● INPUT DATA:

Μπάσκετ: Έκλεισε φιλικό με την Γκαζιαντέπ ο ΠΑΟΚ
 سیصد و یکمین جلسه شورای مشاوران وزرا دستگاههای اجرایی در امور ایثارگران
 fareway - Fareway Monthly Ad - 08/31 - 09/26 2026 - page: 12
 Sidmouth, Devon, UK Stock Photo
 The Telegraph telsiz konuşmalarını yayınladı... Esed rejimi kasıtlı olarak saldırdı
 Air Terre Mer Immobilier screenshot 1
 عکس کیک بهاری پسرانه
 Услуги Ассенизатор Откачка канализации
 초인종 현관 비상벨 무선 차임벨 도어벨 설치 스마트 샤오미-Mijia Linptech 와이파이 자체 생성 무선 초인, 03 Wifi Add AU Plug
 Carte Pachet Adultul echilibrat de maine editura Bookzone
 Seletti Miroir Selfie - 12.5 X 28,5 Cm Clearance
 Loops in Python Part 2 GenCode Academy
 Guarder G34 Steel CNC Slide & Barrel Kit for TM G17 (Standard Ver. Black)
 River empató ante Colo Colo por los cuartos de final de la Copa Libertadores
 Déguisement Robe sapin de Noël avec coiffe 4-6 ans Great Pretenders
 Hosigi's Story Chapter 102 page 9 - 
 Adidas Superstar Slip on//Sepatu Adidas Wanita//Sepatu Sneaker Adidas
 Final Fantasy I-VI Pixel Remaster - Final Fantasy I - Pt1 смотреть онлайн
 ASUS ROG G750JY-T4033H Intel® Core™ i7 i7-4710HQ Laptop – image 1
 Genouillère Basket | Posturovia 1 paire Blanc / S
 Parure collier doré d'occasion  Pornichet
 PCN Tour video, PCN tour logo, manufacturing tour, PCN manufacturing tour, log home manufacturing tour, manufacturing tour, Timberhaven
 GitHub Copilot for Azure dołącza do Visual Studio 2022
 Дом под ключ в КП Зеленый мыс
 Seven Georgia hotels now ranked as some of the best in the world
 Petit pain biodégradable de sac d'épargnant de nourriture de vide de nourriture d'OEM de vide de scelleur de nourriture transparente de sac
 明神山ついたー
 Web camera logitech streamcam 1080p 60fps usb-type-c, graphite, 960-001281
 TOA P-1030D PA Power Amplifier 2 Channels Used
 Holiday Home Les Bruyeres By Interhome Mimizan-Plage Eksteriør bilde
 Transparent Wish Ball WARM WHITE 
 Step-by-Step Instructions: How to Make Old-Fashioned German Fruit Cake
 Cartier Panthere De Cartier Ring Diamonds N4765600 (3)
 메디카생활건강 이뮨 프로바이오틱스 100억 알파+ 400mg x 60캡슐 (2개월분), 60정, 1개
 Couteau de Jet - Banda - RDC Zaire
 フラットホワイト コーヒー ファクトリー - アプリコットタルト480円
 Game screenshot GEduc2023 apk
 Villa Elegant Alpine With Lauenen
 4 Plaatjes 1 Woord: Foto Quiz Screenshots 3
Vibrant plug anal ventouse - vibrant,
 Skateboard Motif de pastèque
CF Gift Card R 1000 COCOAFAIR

● WORK ITEM: After locating the line with "Seletti Miroir Selfie" in the material above, return it and each line after it exactly, ending at the line with "Seven Georgia hotels".

● SOLVED EXERCISE:
 Seletti Miroir Selfie - 12.5 X 28,5 Cm Clearance
 Loops in Python Part 2 GenCode Academy
 Guarder G34 Steel CNC Slide & Barrel Kit for TM G17 (Standard Ver. Black)
 River empató ante Colo Colo por los cuartos de final de la Copa Libertadores
 Déguisement Robe sapin de Noël avec coiffe 4-6 ans Great Pretenders
 Hosigi's Story Chapter 102 page 9 - 
 Adidas Superstar Slip on//Sepatu Adidas Wanita//Sepatu Sneaker Adidas
 Final Fantasy I-VI Pixel Remaster - Final Fantasy I - Pt1 смотреть онлайн
 ASUS ROG G750JY-T4033H Intel® Core™ i7 i7-4710HQ Laptop – image 1
 Genouillère Basket | Posturovia 1 paire Blanc / S
 Parure collier doré d'occasion  Pornichet
 PCN Tour video, PCN tour logo, manufacturing tour, PCN manufacturing tour, log home manufacturing tour, manufacturing tour, Timberhaven
 GitHub Copilot for Azure dołącza do Visual Studio 2022
 Дом под ключ в КП Зеленый мыс
 Seven Georgia hotels now ranked as some of the best in the world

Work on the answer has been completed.